### Different methods to represent input in Sequence-based models

In [1]:
from keras.layers import Input, Embedding, LSTM, GRU, RepeatVector, TimeDistributed, Dense
from keras.models import Model

  from ._conv import register_converters as _register_converters
Using TensorFlow backend.


In [2]:
n_features =  100 # e.g. number of unique characters/ words in corpus
embedding_dim = 256 # word embedding layer
rnn_hidden_nodes = 128
batch_size = 1
n_timesteps = 32 # sequence length of RNN layer

#### 1. Explicitly defining batch shape

Notice that we do not specify timesteps or sequence length here (None)

In [3]:
input_layer = Input(shape=(None,), batch_shape=(1, None), name='encoder_inputs')

In [4]:
input_layer.shape

TensorShape([Dimension(1), Dimension(None)])

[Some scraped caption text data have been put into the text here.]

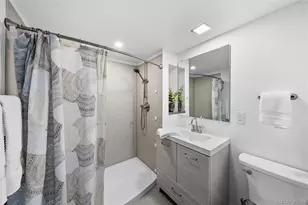 3725 Wyandot St, Denver, CO 80211 - Photo 34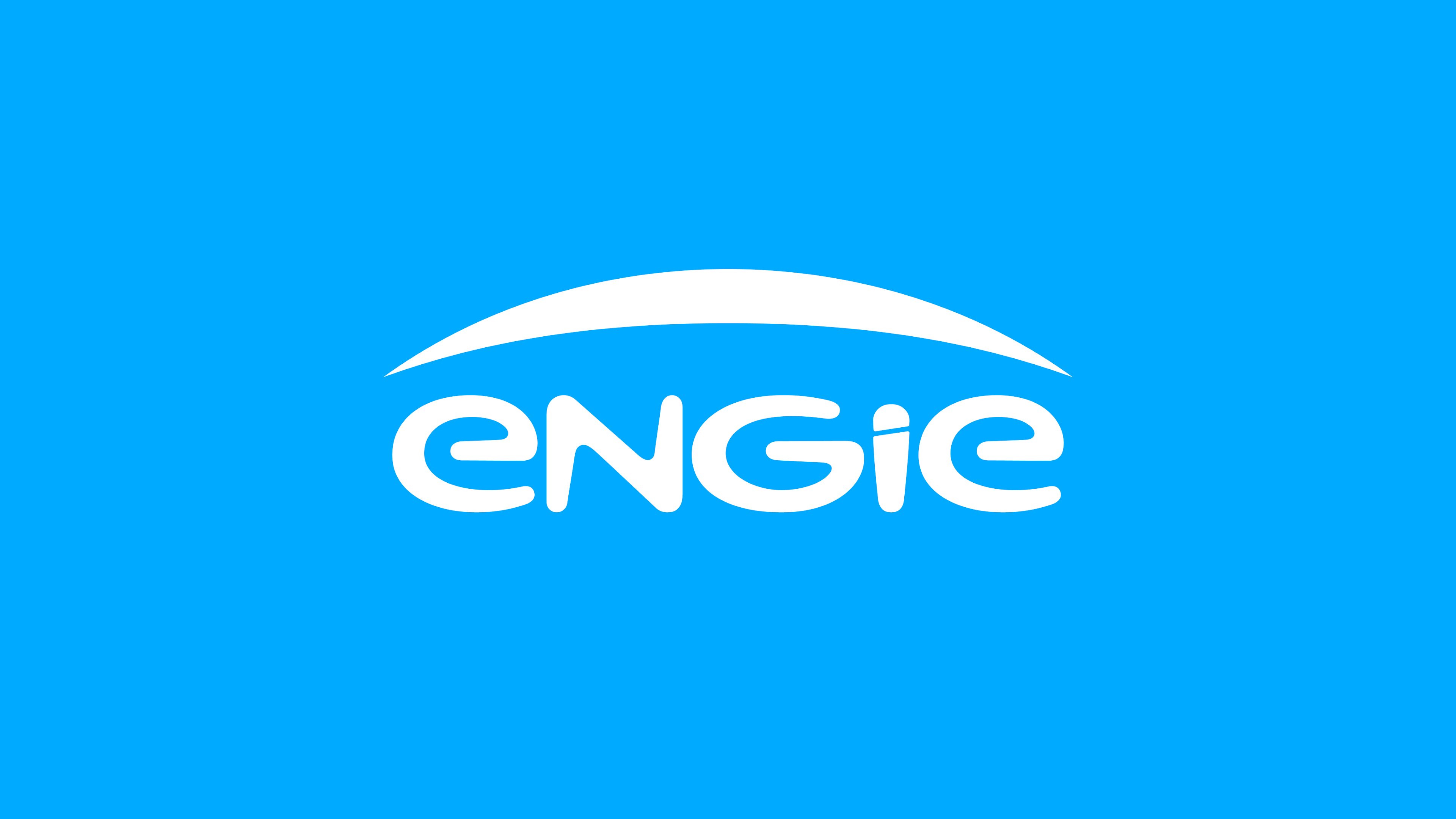 Engie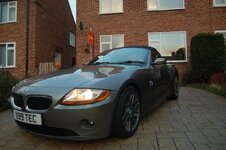 DSC_0118_zps47b1de8f.jpg
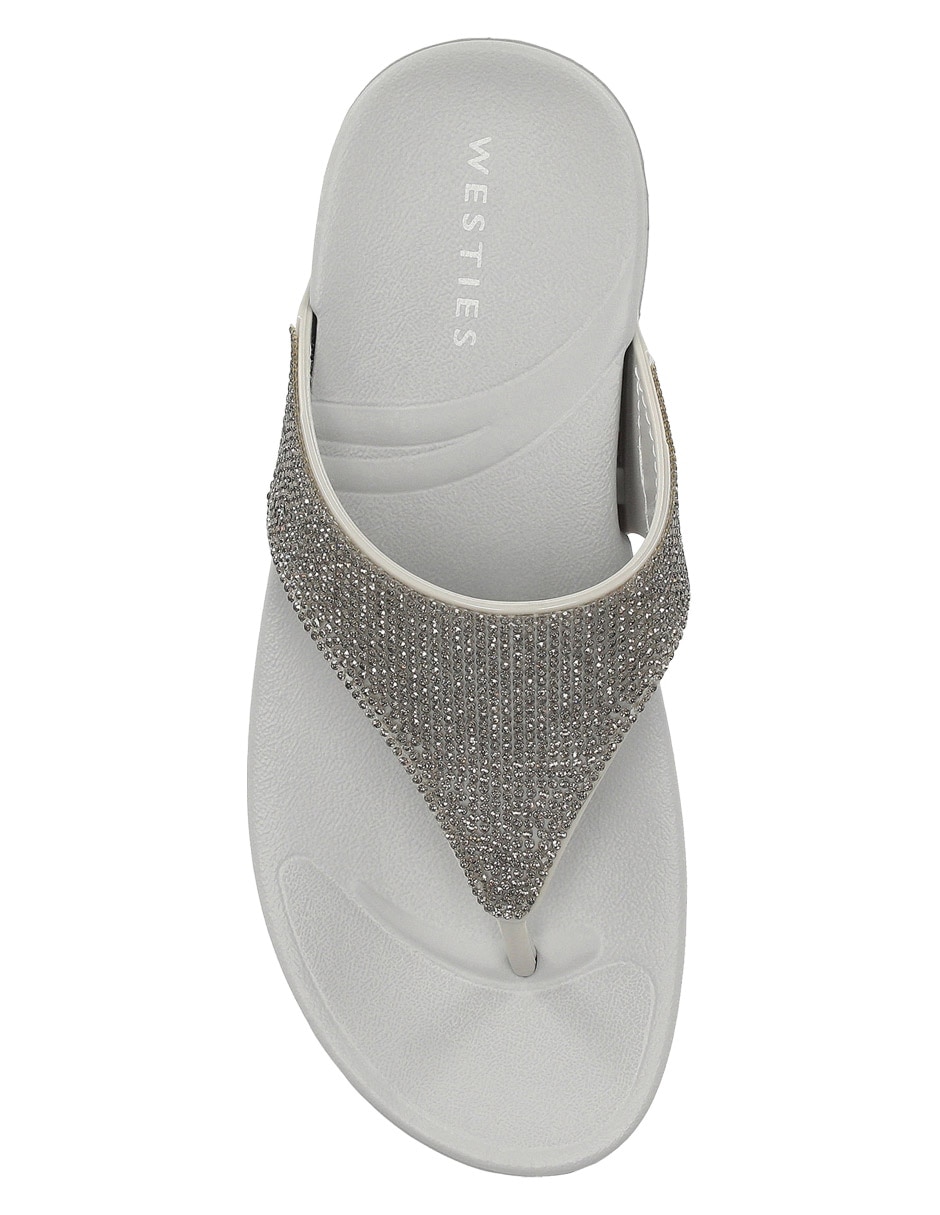 Sandalia para mujer 6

#### 2. Variable length (none defined time steps / sequence length)

We do not specify number of examples per batch and sequence length here.

In [5]:
input_layer = Input(shape=(None,), name='encoder_inputs')

In [6]:
input_layer.shape

TensorShape([Dimension(None), Dimension(None)])

#### 3. Fixed length sequence

Notice that we define fixed sequence length = 32

In [7]:
input_layer = Input(shape=(n_timesteps,), name='encoder_inputs')

In [8]:
input_layer.shape

TensorShape([Dimension(None), Dimension(32)])

#### 4. 3-D shape input tensor (number of batch, timesteps, features)

Compare this examples with the ones in Practical 5, in which we use Lambda layer as one-hot projection layer

In [9]:
input_layer = Input(shape=(n_timesteps, n_features), name='encoder_inputs')

In [10]:
input_layer.shape

TensorShape([Dimension(None), Dimension(32), Dimension(100)])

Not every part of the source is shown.